Il n’y a donc aucune raison pour que l’intermédialité et la pluridisciplinarité fassent disparaître le comparatisme. Les meilleurs travaux dans ce domaine, d’ailleurs, sont sérieusement informés dans le domaine de la philosophie, du droit, de l’histoire des sciences, ou même de la médecine[25] et abordent aussi bien des textes que des images ou des représentations théâtrales, en plusieurs langues. Ces travaux ne se contentent pas de « connecter »[26] des objets divers, ce qui est d’ailleurs déjà productif en soi. Ils mettent en œuvre une perspective spécifiquement comparatiste que je vais maintenant essayer de préciser.

 

 

II- Pourquoi comparer ?

           

II-1  Le comparatisme est-il une éthique ?

 

Notre façon de penser, de faire de la recherche, d’enseigner, engage notre façon d’être au monde. Elle nous engage.
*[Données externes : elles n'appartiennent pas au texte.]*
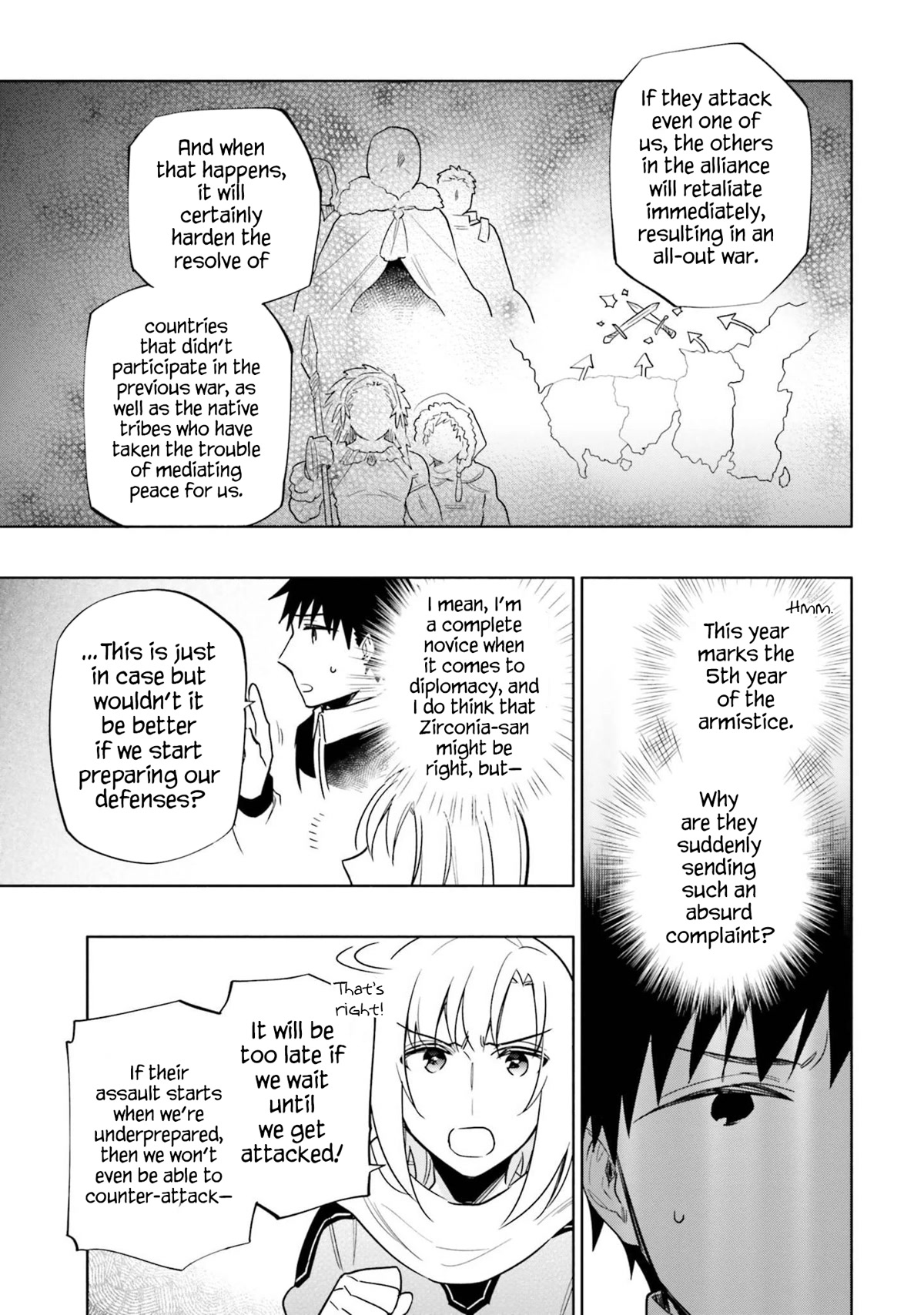 I Won 4 Billion in a Lottery But I Went to Another World Chapter 55 - Page 13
            Ce constat ne vaut certainement pas pour la seule littérature comparée[27]. Mais on soutiendra ici l’idée selon laquelle l’exercice, ou la pratique comparatiste, engagent le chercheur d’une façon particulière, ne serait-ce que parce qu’il traite le plus souvent de la différence culturelle devant un public pluriculturel. La prise en considération de cette dimension, y compris dans ses implications morales et politiques, ne va pas de soi en France, où le style et l’éthos académiques, attachés à un idéal de neutralité, incitent à écarter ou à minorer ces questions. On peut même penser que la disparité des points de vues sur le comparatisme aux Etats-Unis et en France tient beaucoup à la focalisation, plus ou moins précise et exclusive sur la valeur, du point de vue axiologique, de la discipline.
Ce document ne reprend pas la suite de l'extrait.